Good morning, what to talk about today? The news website isn’t much help – its top story, “Vaccine against HIV ‘no nearer'”, is a headline I would have got a ticking off for way back when I worked at a newspaper. The theory is that if nothing has changed, why would someone want to read it? Anyway, moving on to the World Service, our first item is the Serbian foreign minister telling the UN Security Council that it must stop the province of Kosovo declaring independence.
That’s a bit more like it – is Russian President Putin right to argue that Kosovo is in the same category as the separatist conflicts in parts of the former Soviet Union, such as Abkhazia, South Ossetia and Trans-Dniester? The Georgian president certainly doesn’t think so, but Mr Putin’s comments have him worried. The Russian president also says it is “not moral or legal” for Kosovo to declare independence – is he right?

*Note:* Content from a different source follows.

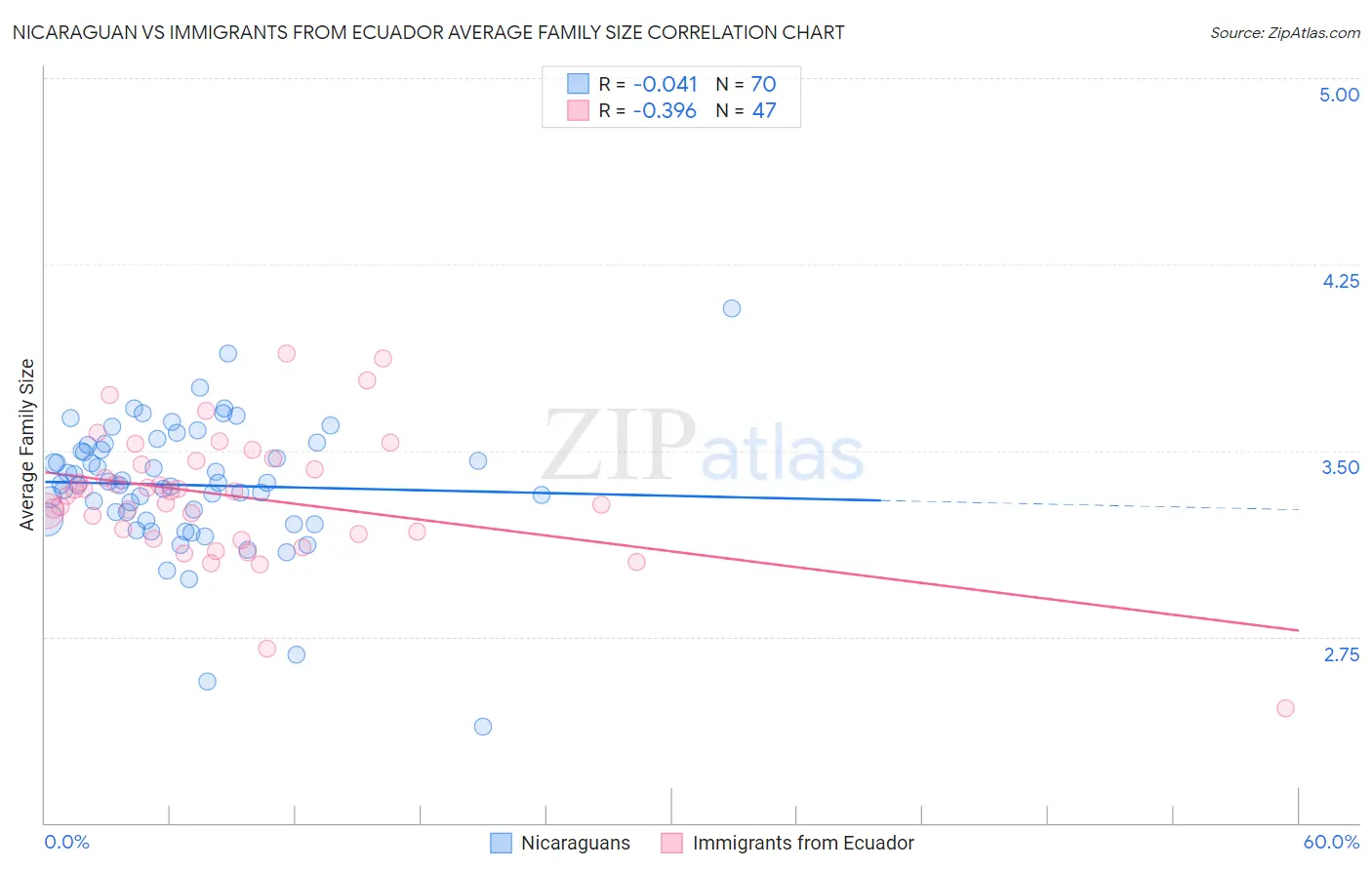 Nicaraguan vs Immigrants from Ecuador Average Family Size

Here’s a question for you – is it right to attack your enemies wherever they are in the world? Hezbollah leader Sheikh Hassan Nasrallah has warned Israel to expect just that in retaliation for what he called its role in killing Imad Mughniyah.
Ayaan Hirsi Ali, the former Dutch politician, has been in Brussels to plead for political backing for a controversial proposal to get the EU to pay for her protection. The proposal is for teh European Union to create a a fund to help protect people in her position.
French philosopher Bernard-Henri Levy says “Europe needs to defend her because she has defended Europe.” So who’s duty is it to protect free speech? And how far should efforts to provide that protection extend?
On a similar note, how far should a government keep an eye (spy?) on its citizens to keep them safe? President Bush and the Democrat-controlled Congress disagree. The president is even threatening to delay his trip to Africa to “help [the House leadership] complete their work on this critical bill.”
Here’s the view of SJ in Oregon: “I started yelling at the screen when Bush says ‘We’re having a debate in America on whether or not we ought to be listening to terrorists making’ phone calls in the United States. And the answer is darn right we ought to be.’ So everybody who has had phone calls listened to – who knows how many people – are now terrorists? Straight-up unconstitutional and flies in the face of presumption of innocence (innocent until proven guilty). Bush thinks the Bill of Rights exists for no reason – that it’s just some shield for criminals. It’s the other way around – those amendments are meant to protect people from the real criminal… from a gov’t gone mad in its paranoia…”
What do you think?
It’s certainly the kind of debate the chattering classes might have here – and this week they are after ministers said they wanted pupils of all ages to be offered at least an hour a day of culture during the week. Simon Heffer calls it “cultural Stalinism”. Do we value knowledge, art and culture as much as we should or do these things matter less in the modern world of instant news and entertainment?
Oh, and as an aside, it’s not often I agree with Sepp Blatter, but he’s on the money with this one.